Regex Example - Strip Out HTML Tags

First and foremost, HTML is not regex friendly. You should not try to parse HTML in PowerShell, or using regular expressions unless you’ve lost some kind of bet or want to punish yourself for something. PowerShell has things like ConvertTo-HTML that will make that kind of thing way less migraine inducing.

That said, I recently had a situation where I just wanted to strip all the HTML tags out of a string. My input looked something like this (assigned to a variable $html).

<html>
<body>
<p>This is an important value</p>
</body>
</html>

All I want is the “This is an important value” part, so this seemed like a place where the “don’t use regex on HTML” rule could be broken. It’s even a pretty simple regex.

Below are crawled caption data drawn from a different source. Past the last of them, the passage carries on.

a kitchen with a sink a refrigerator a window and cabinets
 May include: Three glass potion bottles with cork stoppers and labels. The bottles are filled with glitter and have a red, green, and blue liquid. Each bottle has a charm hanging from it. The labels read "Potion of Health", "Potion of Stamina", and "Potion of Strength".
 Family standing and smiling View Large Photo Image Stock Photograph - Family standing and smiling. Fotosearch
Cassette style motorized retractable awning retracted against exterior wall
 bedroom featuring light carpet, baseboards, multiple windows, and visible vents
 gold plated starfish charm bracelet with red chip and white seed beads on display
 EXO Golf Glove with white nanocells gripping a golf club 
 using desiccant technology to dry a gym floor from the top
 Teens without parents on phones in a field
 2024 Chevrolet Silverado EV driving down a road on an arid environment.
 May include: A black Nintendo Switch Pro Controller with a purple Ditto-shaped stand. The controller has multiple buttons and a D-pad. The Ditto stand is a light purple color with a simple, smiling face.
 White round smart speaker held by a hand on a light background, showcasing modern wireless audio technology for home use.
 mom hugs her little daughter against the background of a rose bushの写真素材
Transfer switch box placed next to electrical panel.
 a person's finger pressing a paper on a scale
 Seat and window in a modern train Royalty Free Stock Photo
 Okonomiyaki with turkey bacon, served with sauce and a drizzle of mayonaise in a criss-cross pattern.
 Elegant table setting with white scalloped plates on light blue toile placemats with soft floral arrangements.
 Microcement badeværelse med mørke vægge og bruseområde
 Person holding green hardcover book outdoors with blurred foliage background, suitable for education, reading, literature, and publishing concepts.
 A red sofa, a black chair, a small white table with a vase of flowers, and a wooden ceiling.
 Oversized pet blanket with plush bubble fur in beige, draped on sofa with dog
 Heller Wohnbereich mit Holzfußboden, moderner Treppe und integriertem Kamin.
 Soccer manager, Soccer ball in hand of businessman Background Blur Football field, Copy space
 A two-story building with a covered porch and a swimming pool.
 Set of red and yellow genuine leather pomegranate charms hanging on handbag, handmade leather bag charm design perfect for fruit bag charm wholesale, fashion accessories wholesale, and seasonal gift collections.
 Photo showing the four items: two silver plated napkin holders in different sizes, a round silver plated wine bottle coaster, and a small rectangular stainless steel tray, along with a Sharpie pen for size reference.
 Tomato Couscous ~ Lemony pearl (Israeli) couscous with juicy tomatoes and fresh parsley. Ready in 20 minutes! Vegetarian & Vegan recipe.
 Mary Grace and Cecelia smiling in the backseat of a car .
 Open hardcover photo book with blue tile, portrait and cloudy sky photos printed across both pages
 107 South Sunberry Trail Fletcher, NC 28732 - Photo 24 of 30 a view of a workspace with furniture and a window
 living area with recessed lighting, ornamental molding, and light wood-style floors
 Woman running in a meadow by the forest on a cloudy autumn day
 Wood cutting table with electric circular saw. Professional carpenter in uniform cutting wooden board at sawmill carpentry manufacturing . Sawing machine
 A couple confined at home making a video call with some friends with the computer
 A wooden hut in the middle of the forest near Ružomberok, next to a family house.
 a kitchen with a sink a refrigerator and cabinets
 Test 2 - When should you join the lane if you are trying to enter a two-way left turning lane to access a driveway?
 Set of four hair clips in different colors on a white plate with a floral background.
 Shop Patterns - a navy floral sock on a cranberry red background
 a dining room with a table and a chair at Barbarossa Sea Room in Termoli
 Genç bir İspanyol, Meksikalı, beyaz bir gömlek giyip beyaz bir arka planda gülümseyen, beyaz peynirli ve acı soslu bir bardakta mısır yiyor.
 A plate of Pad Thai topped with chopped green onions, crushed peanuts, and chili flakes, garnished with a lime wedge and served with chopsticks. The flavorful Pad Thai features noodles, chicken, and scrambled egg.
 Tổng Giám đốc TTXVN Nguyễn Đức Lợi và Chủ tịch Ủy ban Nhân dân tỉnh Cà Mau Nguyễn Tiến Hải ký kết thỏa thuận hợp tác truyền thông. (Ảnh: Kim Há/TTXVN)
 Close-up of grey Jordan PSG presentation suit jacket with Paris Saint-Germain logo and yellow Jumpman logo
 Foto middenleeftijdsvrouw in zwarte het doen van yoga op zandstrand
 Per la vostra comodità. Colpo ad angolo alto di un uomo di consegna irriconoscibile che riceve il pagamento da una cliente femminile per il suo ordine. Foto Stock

$html -replace '(<\/*\w+?>){1,}'

You’ll have to wrap it in round brackets and use a .trim() to clean up white space, but this will work for the “get rid of the HTML” goal. Let’s break down this regular expression to see what it’s doing.

Starting on the far right side, the {1,} is specifying “one or more” or the pattern that precedes it, in this case, the rest of the expression wrapped in round brackets. Inside those round brackets is a patter which states “an angle bracket (<), zero or more forward slashes escaped by a back slash (\/*), as many alphanumeric characters as it takes (\w+?) to get to a closing angle bracket (>)”. It just rolls off the tongue, right?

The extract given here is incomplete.